Ideal for HO and 1:32 scale. Up to 30volts. Cooler running motors. No power surge when car deslots. Short circuit protection. Digital Voltage and Current Readouts. Coarse and fine voltage adjustments. Maximum current adjustment( this would normally be set to maximum ). Get faster acceleration and consistent power. Only one power supply required for a 4 Lane track. Shipping is $28.00 to anywhere in Canada and USA.


----------



## 82whiskey (Sep 6, 2009)

Thanks for the reply RB. My table is 8 x 4 but I think I want to go right to a variable power supply as I want to be able to run all types of cars.

Thanks
Brian


----------



## sd624 (Feb 14, 2009)

I have one. It's made in china but seamed to be built ok. 

I wasn't real happy with it powering the race track. It never gave consistant
power. I replaced it with a 30 amp Astron from hoslotracing.com.
The Astron has been great and I use the other one for other stuff.

Steve


----------



## donzi22 (Feb 7, 2009)

I have one that works great on this 5 X 10 layout!!!!!


----------



## twolff (May 11, 2007)

I use one of these on my 4x8 four lane.

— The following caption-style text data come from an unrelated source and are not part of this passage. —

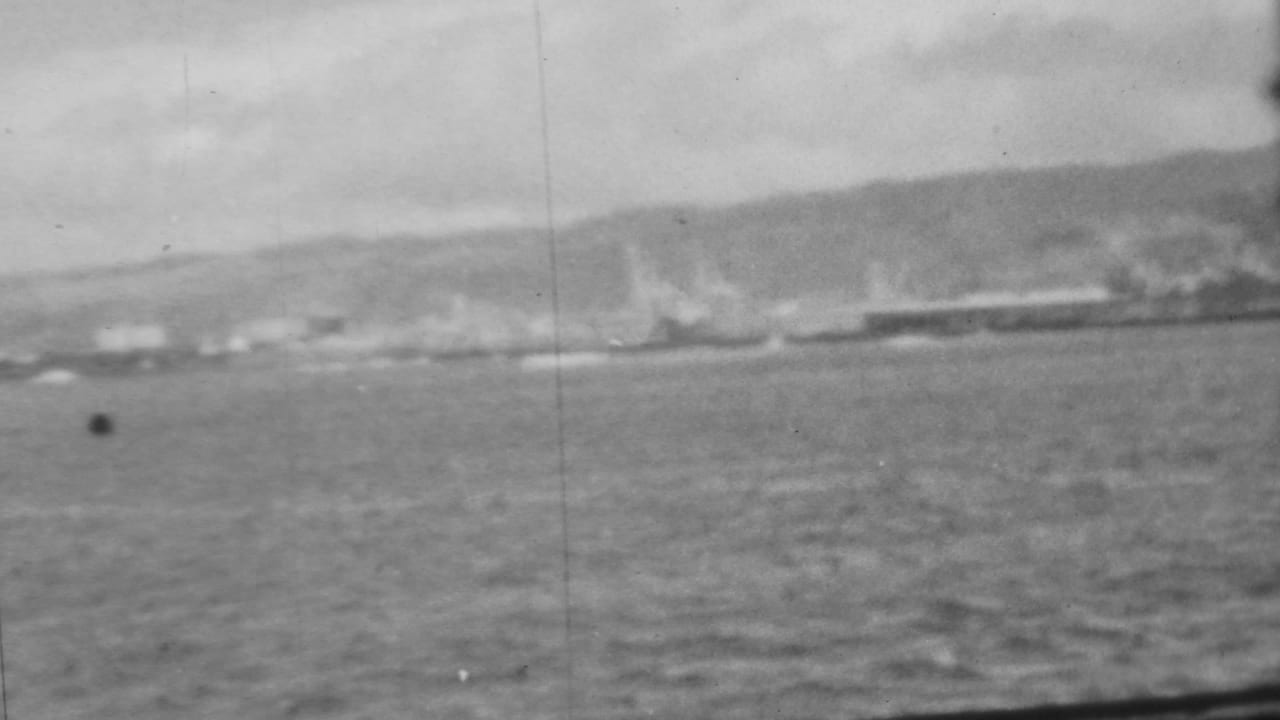 From a moving ship, the frame shows Pearl Harbor water in the foreground with a hazy shoreline, low port forms, and hills beyond.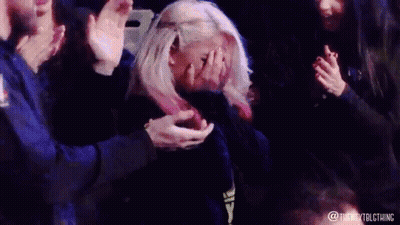 Blonde Woman Covering Face as Crowd Applauds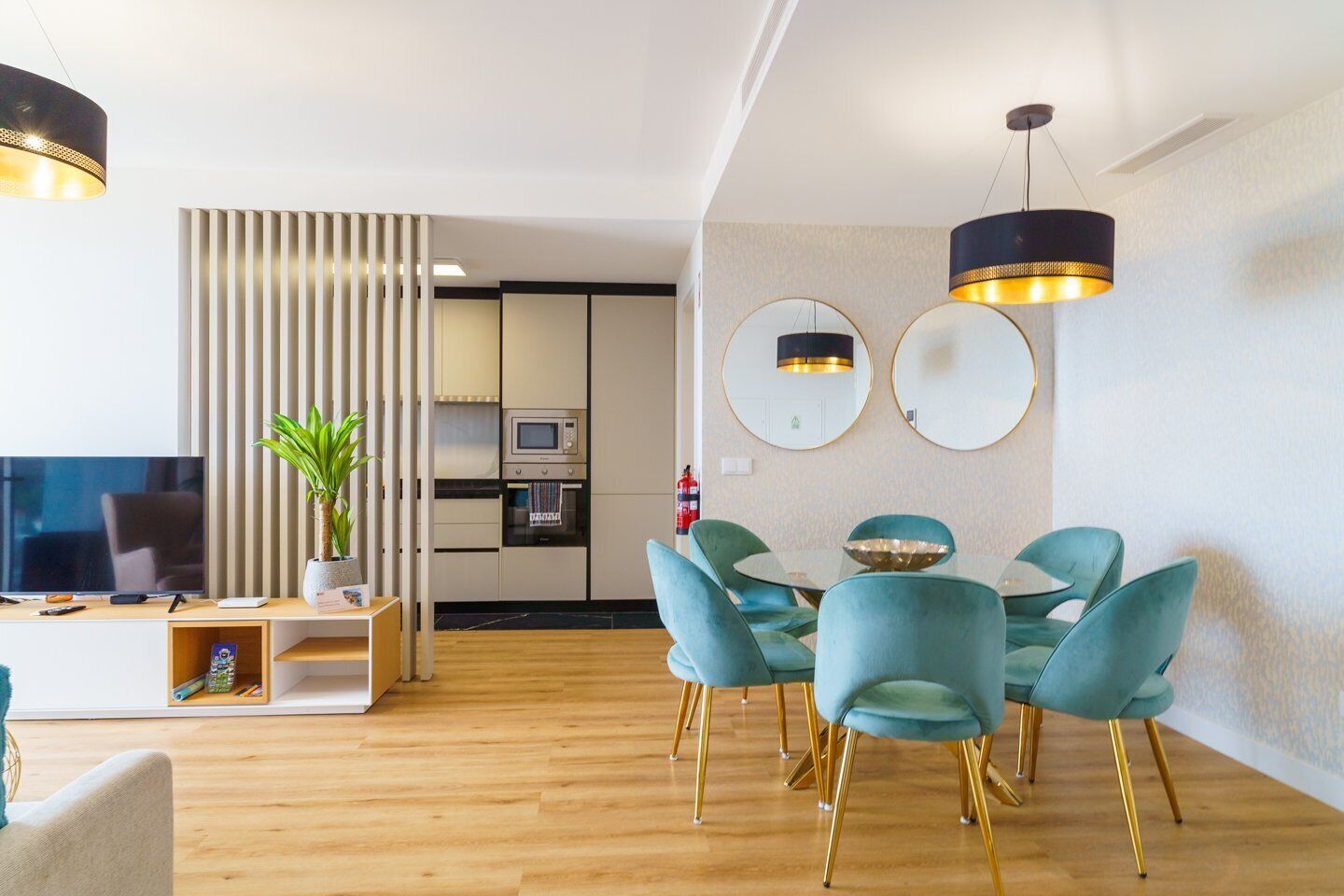 A modern living room with a TV, a dining area with teal chairs, and a kitchen in the background.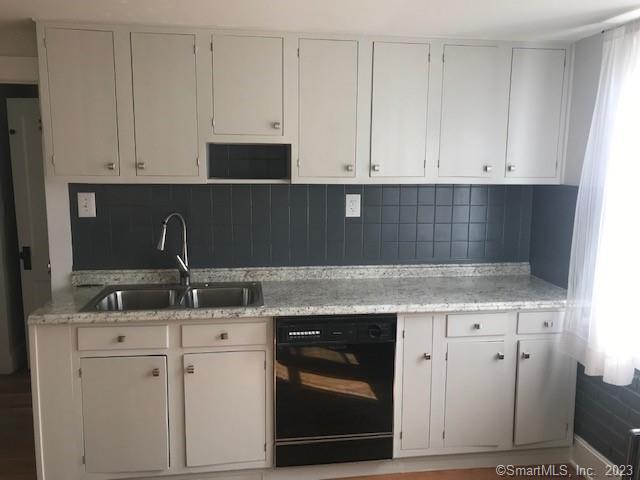 19 Greenfield Avenue Ridgefield, CT 06877 - Photo 7 of 28 a kitchen with white cabinets and sink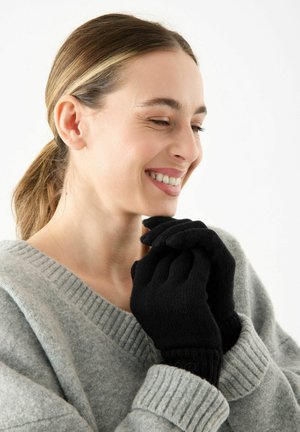 Black knit gloves with ribbed cuffs, made from soft material. The design features contouring for fingers and a textured finish.
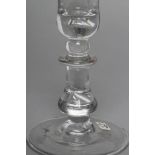 A GLASS GOBLET, c.1710, the plain "U" shaped bowl on a heavy baluster stem with drawn tear, on a
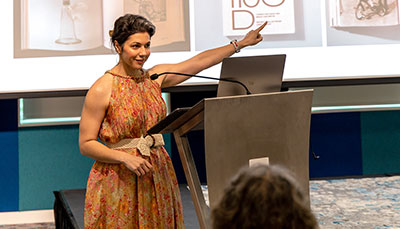 Art history professor giving a lecture at the front of a class in front of a presentation.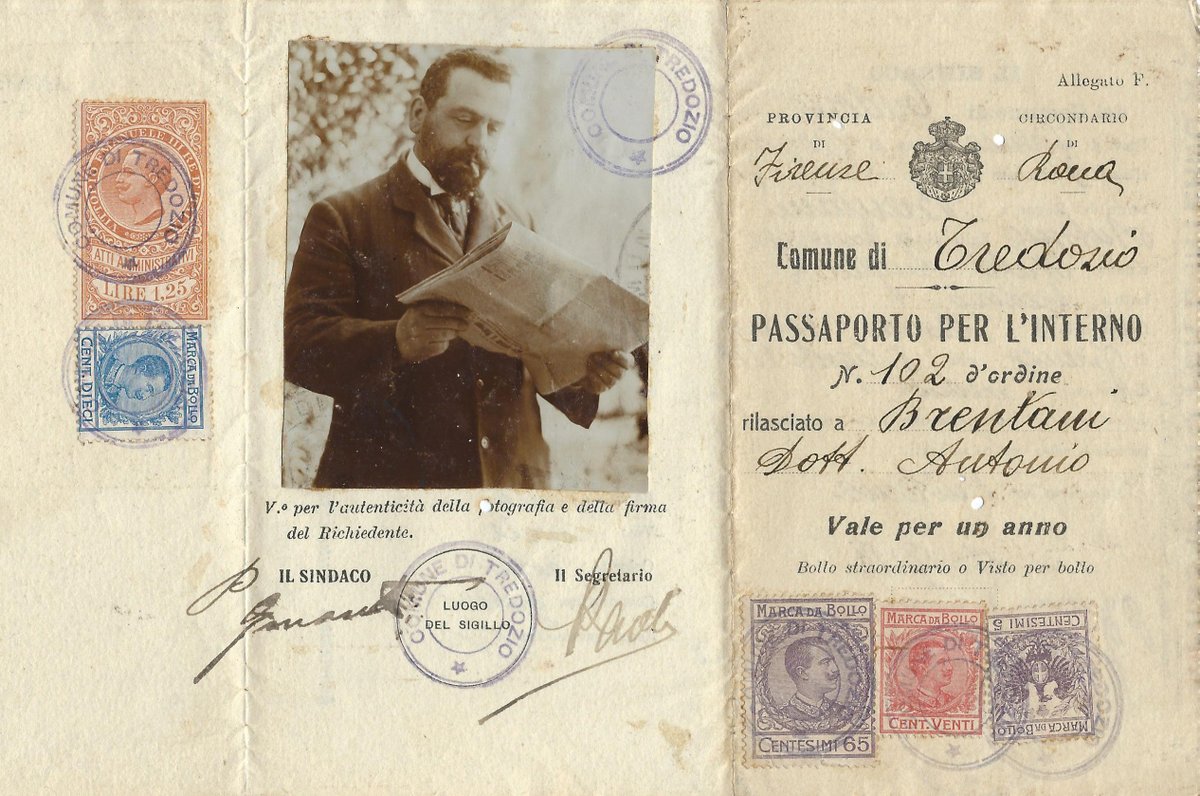 one of the things I love about old passports is the free attitude of photos that were accepted to be used in them years ago - 1918, Italy.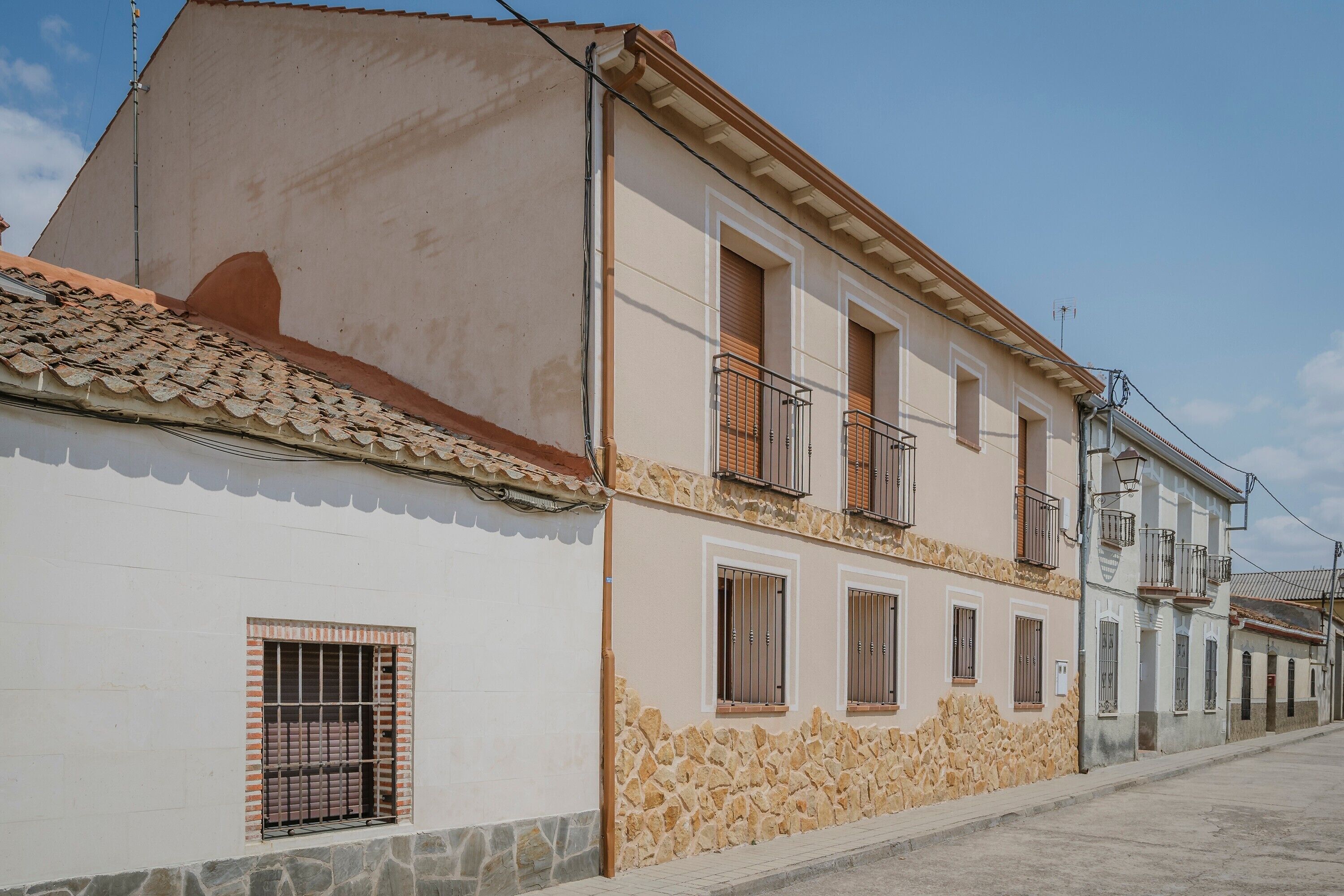 Un edificio de dos pisos con base de piedra, varias ventanas y tejado de tejas.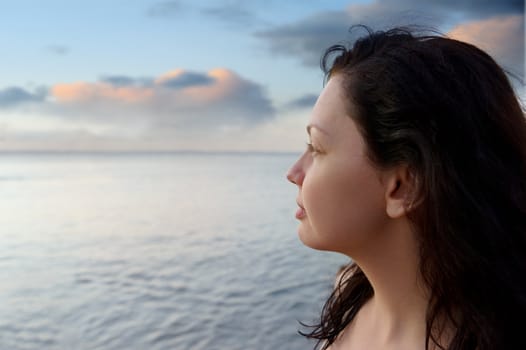 The attractive woman on seacoast and beautiful color sky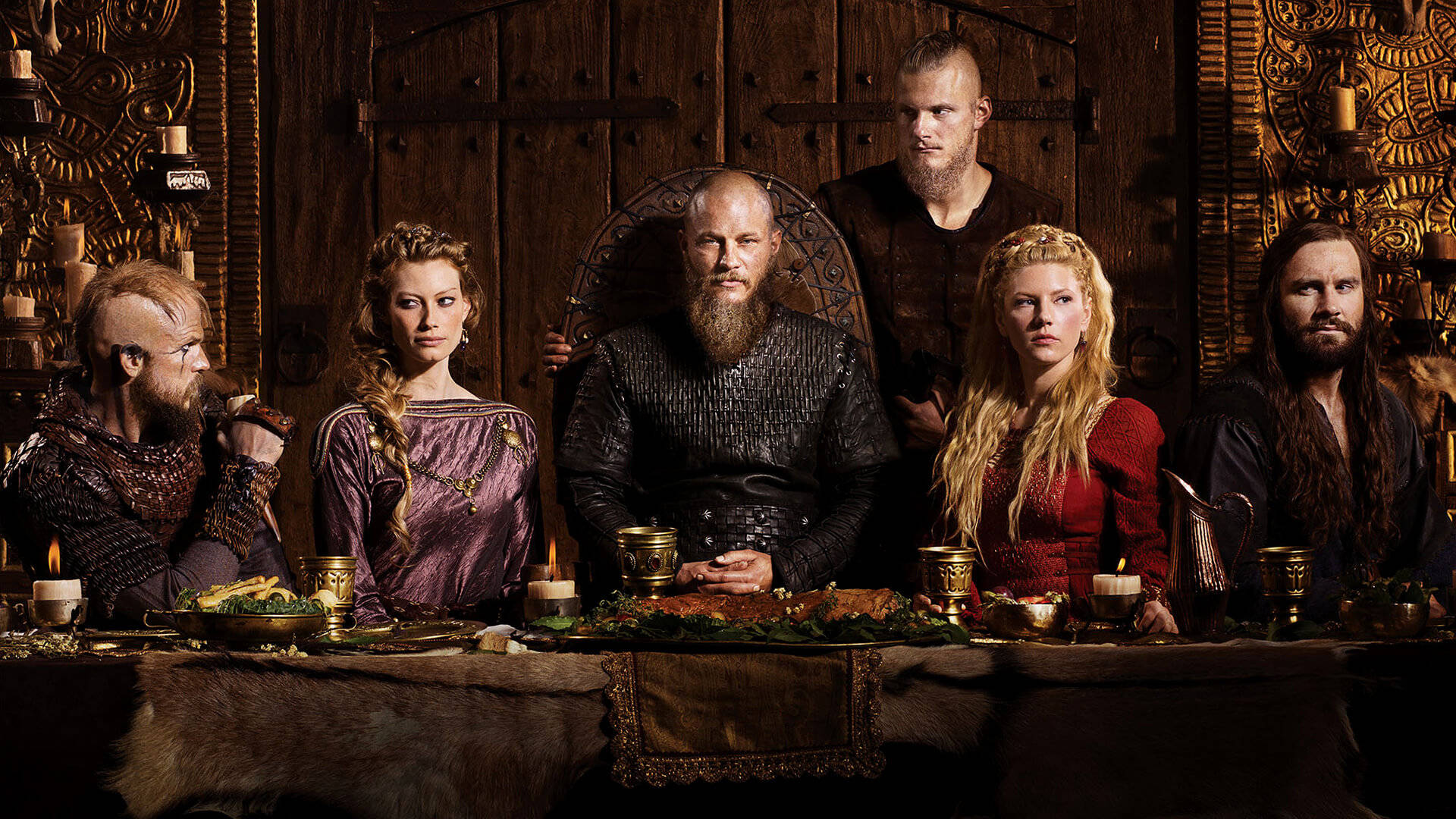 Vikings Posing In Front Of Table Background
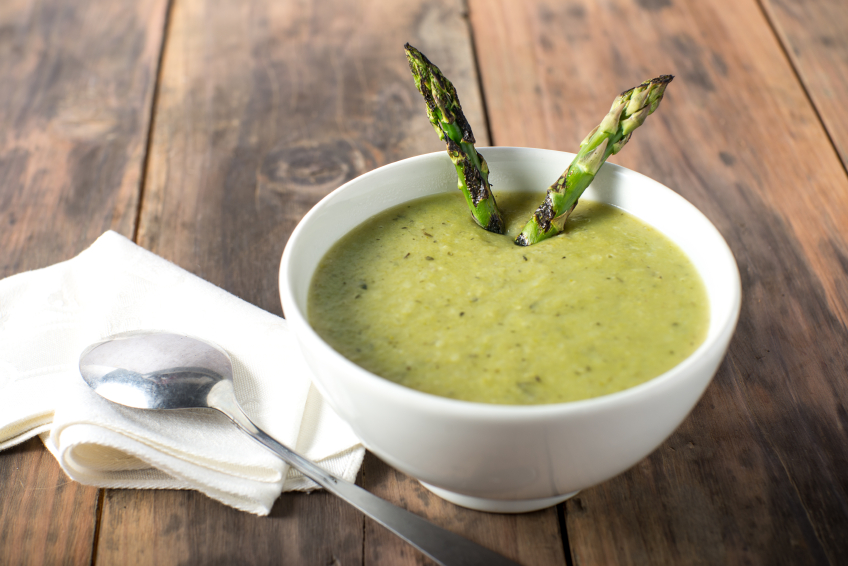 Crema di asparagi con punte di asparagi, cucchiaio e tovagliolo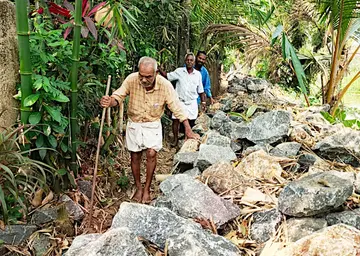 പാടശേഖര ബണ്ടിൽ നിർമാണത്തിനായി ഇറക്കിയ കല്ലുകൾക്കിടയിലൂടെ നടക്കുന്ന പ്രദേശവാസികൾ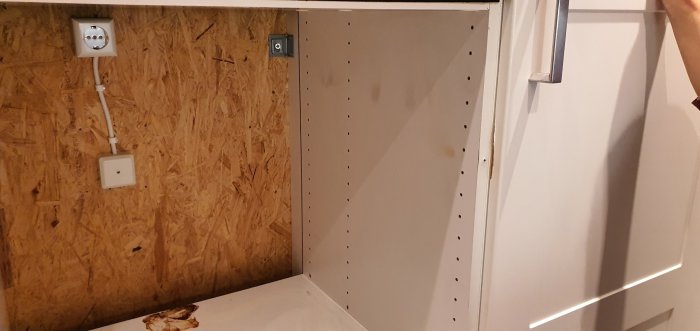 Tomt köksskåp utan ugn med synlig OSB-vägg och eluttag, skåpdörr till höger.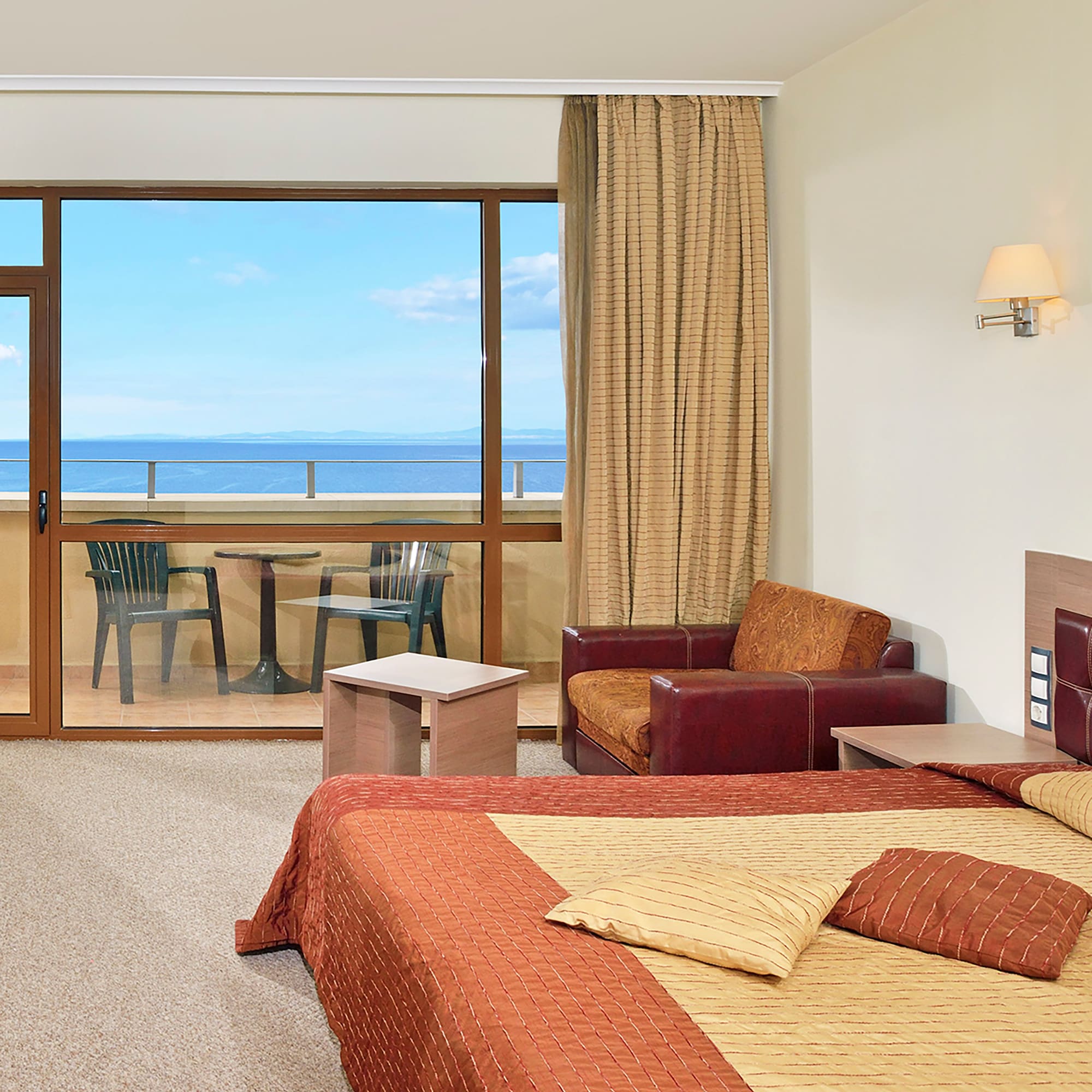 a room with a bed and a glass door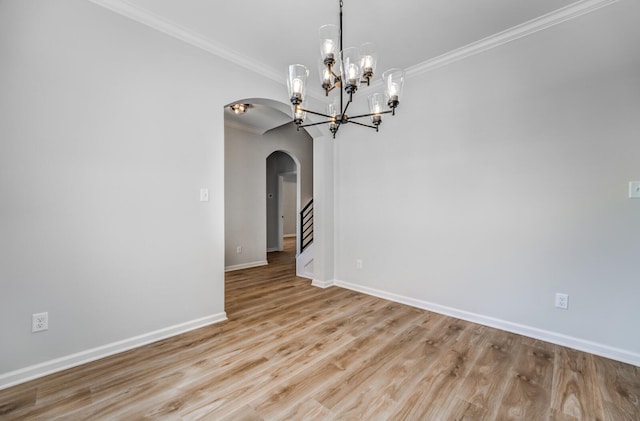 unfurnished dining area featuring ornamental molding, light hardwood / wood-style flooring, and a notable chandelier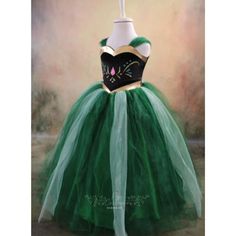 a green tulle skirt with black and white cat ears on the top, sitting in front of a painting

Hasn't given me any trouble. Never saw anyone post they were sorry they bought one.

http://agg.fsmra.com/aggstore/product_info.php?cPath=23&products_id=28


----------



## RiderZ (Feb 19, 2007)

*!!!*

I use this Pyramid PS-32. Its 0-30V 0-5A output. Got it off ebay for just over $100.It powers my 4-lane 4X11 track without a hitch.


----------



## bearsox (Apr 22, 2006)

*TrakMate 0-30VDC variable with*



82whiskey said:


> Trakmate responded to my email and told me this power supply replaced the old one. They are selling for $135. Anyone using this one?
> 
> Thanks
> Brian
> ...


*I gotta ask what's the actual brand name of this power supply ?

Bear:wave:*


----------



## Roddgerr (Feb 8, 2006)

I have the same power supply. Bought it off of e-bay, is is made by Mastech.


----------



## slotcar58 (Jun 21, 2007)

*Try the Digitrax PS2012*

The Digitrax PS2012 is a regulated Power Supply designed for DCC Model Train operation. The unit has a switch to go from 24VDC at 12 amps.(drag), 18VDC at 15 amps.(regular racing), and 12VDC at 20 amps. G-jets). Unit has a 1 year warranty and is made by a US company that has been around for a while and service is available. Price is $139.99 on the web. Make sure you get a firm quote on shipping. This is a lot cheaper than the Bridge Werks units that are 18VDC and 30 amps. They go for between $400 and $500.

I just received my Digitrax PS2012, in the mail, and I'm very pleased.

Slotcar58


----------



## 82whiskey (Sep 6, 2009)

Hi all, thanks for all the replies. I ended up getting a nice deal on a used MG power supply but at least we all know some good options now.

Brian A


----------